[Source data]
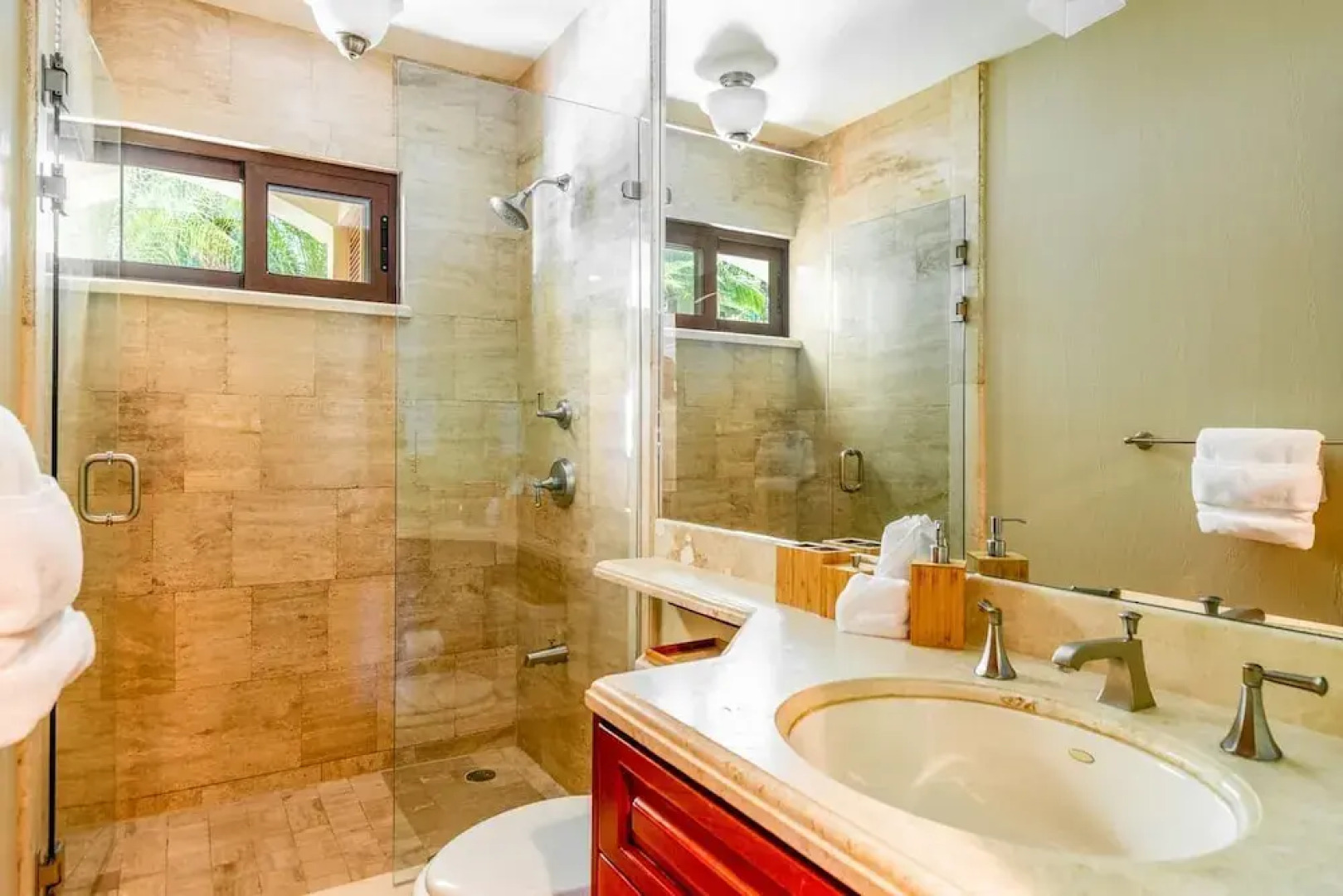 Stylish Split-Level Condo with a Shaded Terrace, Direct Beach Access, and Resort-Style Community Amenities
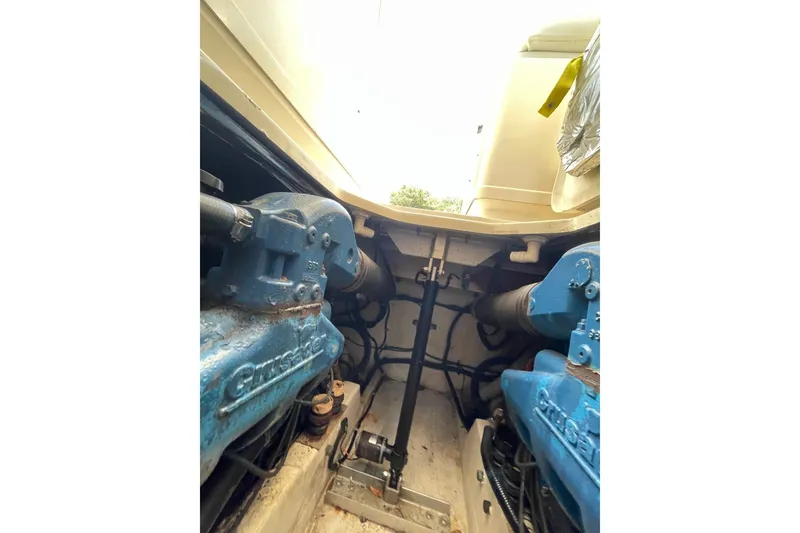 Slide: The Image of Engine compartment of a 1997 Tiara Yachts 3100 Open, showcasing dual blue engines. - 30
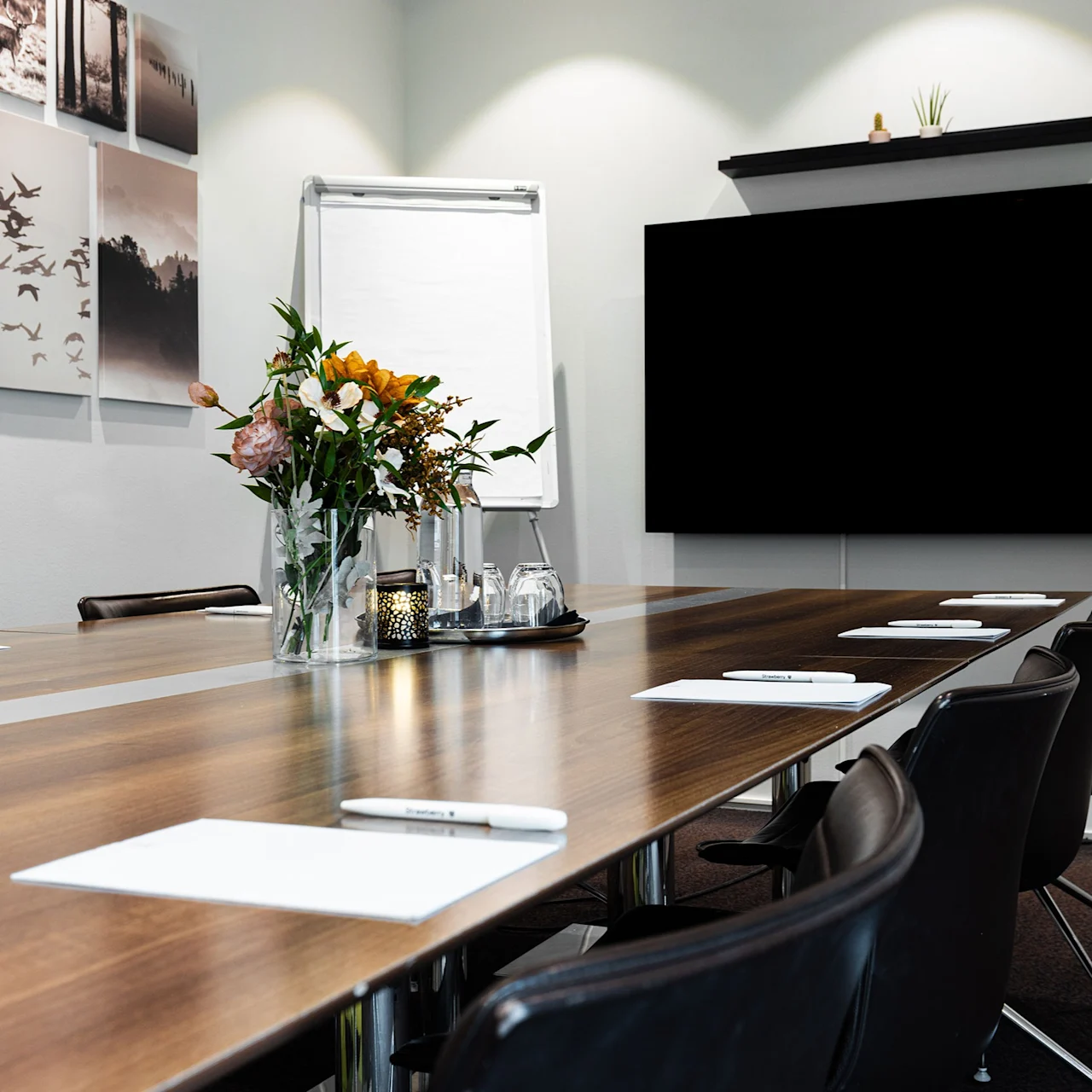 A long wooden table is set for a meeting with chairs, notepads, and pens; a bouquet and flip chart are central. Walls display art and a large screen.
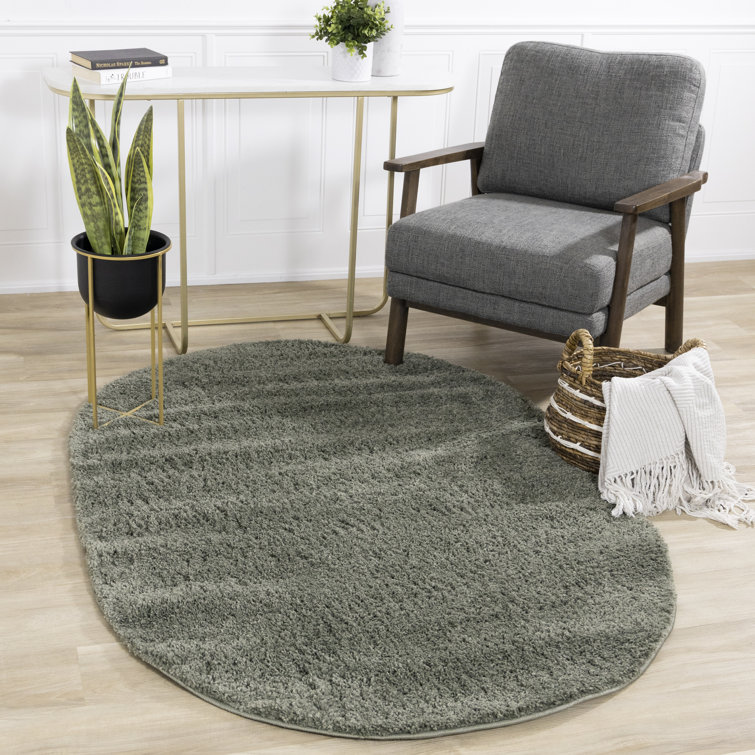 Melnik Solid Colour Machine Woven Polypropylene Area Rug in Sage Green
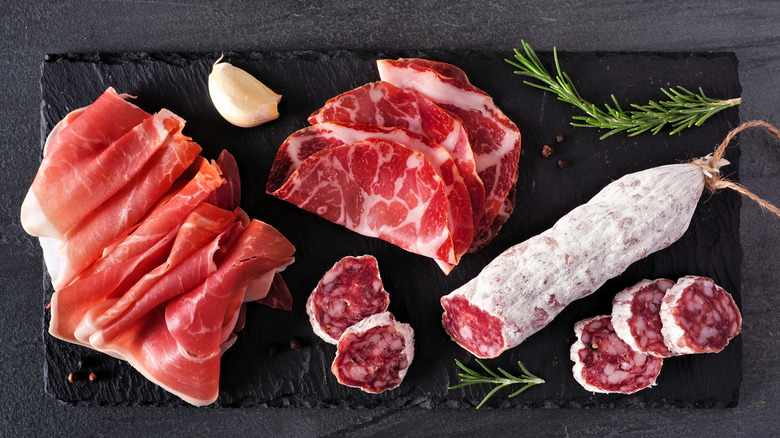 Italian cold cuts and salami on a black cutting board with garlic and spices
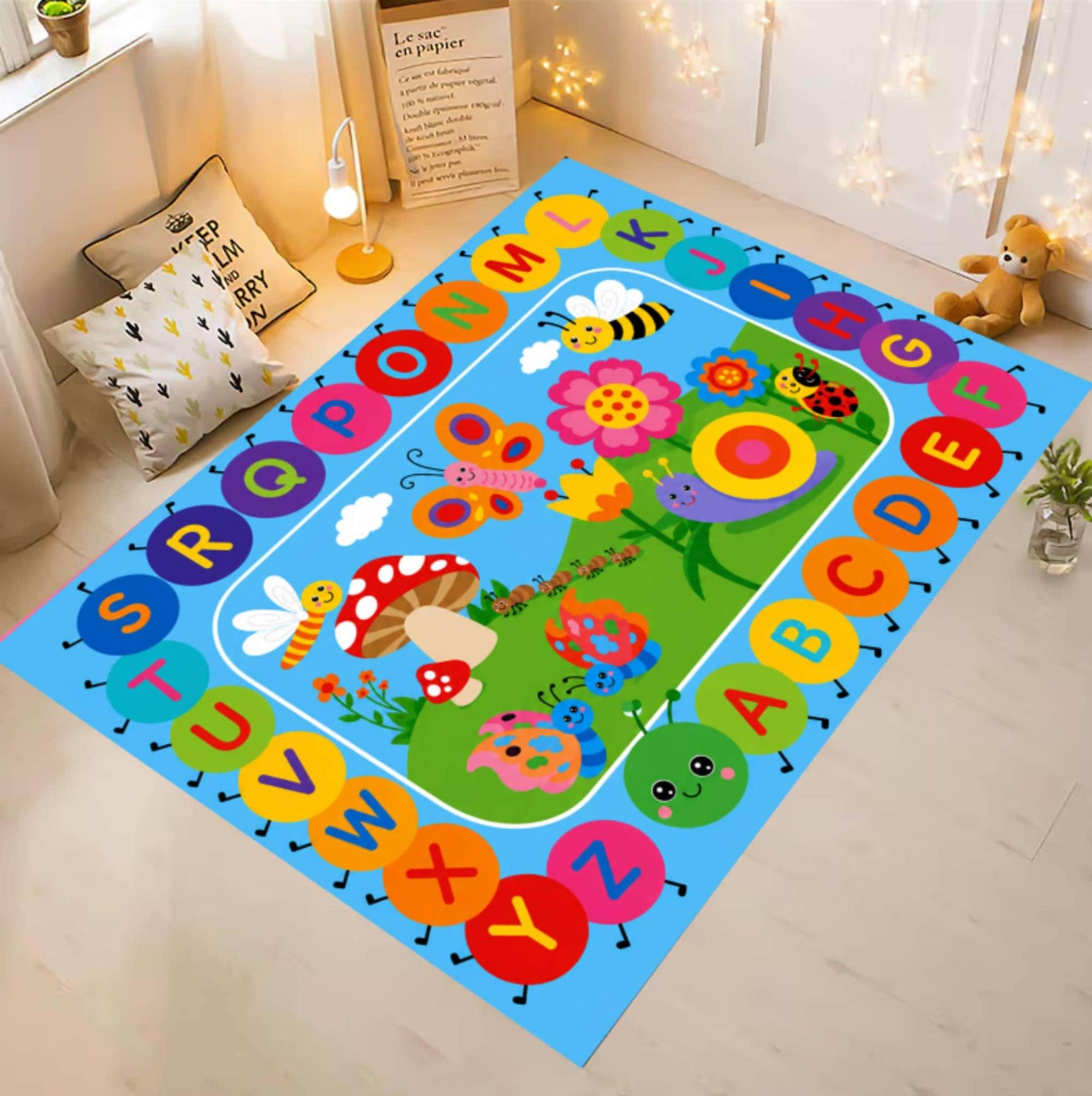A colorful children's alphabet play mat rug displayed on a light wood floor in a styled room. The rug features a bright blue border with alphabet letters in circular shapes and a green center depicting a whimsical garden with flowers, butterflies, and animals.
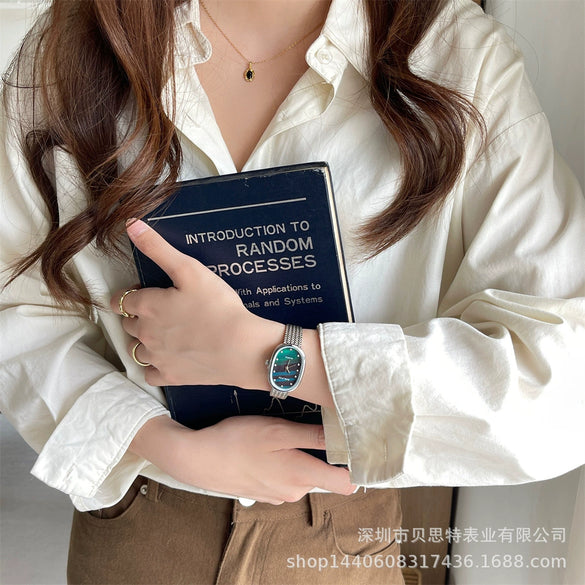 Women's Metal Case Ordinary Glass Mirror Oval Dial Retro Artistic Golden Steel Strap Watch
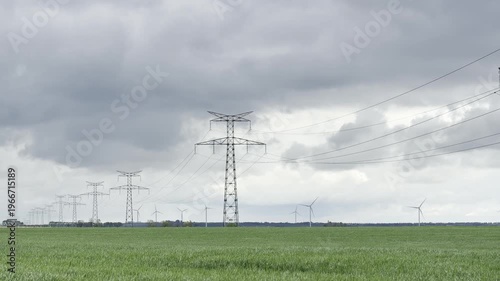 Perspective view where a row of transmission poles guides the eye across a green wheat field toward distant wind turbines, under a soft clouded sky shaping the rural energy landscape
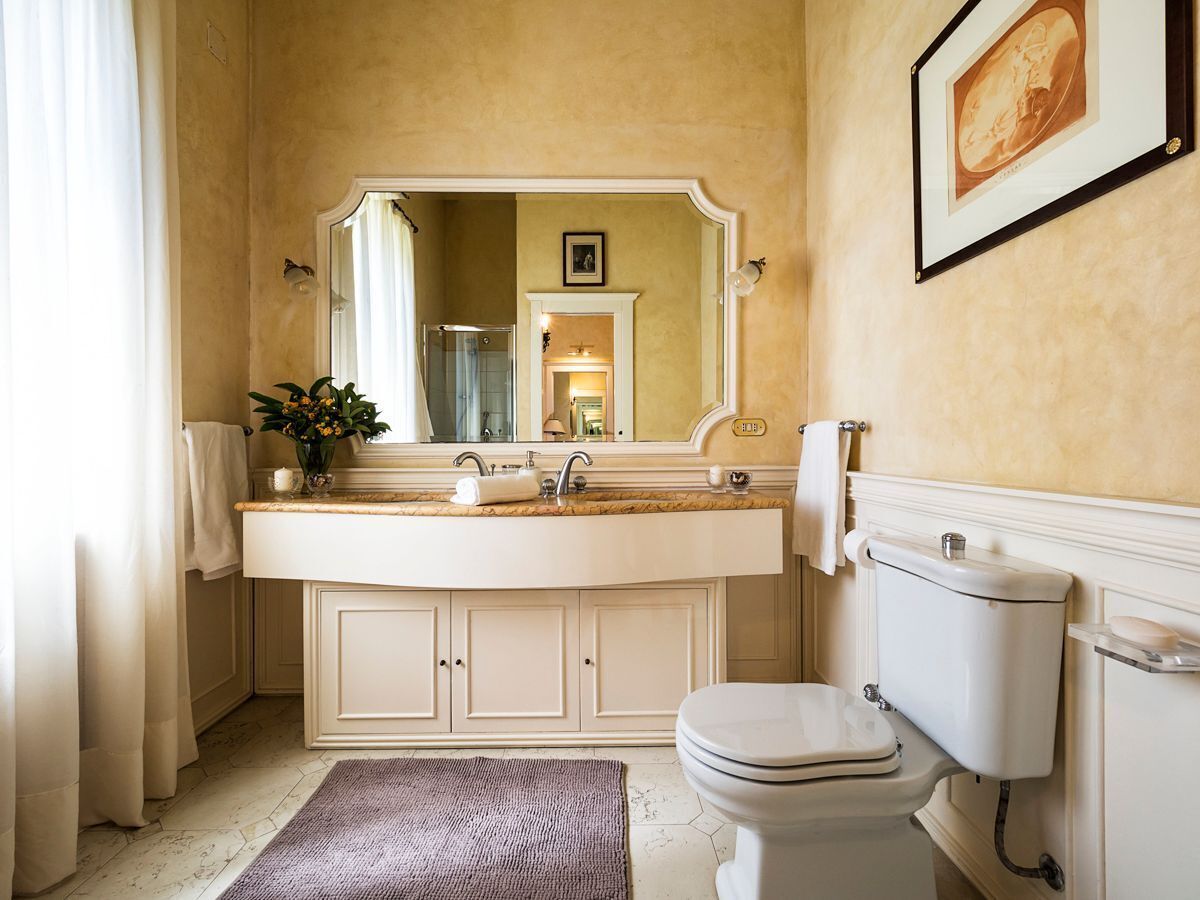 Een badkamer met een grote spiegel, een wastafel, een toilet en een lijst met een foto aan de muur.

_Exercise requirements_
Every line from the one holding "A colorful children's" through the end of the records above must be reproduced verbatim, pictures excepted.

_Written response_
A colorful children's alphabet play mat rug displayed on a light wood floor in a styled room. The rug features a bright blue border with alphabet letters in circular shapes and a green center depicting a whimsical garden with flowers, butterflies, and animals.
 Women's Metal Case Ordinary Glass Mirror Oval Dial Retro Artistic Golden Steel Strap Watch
 Perspective view where a row of transmission poles guides the eye across a green wheat field toward distant wind turbines, under a soft clouded sky shaping the rural energy landscape
 Een badkamer met een grote spiegel, een wastafel, een toilet en een lijst met een foto aan de muur.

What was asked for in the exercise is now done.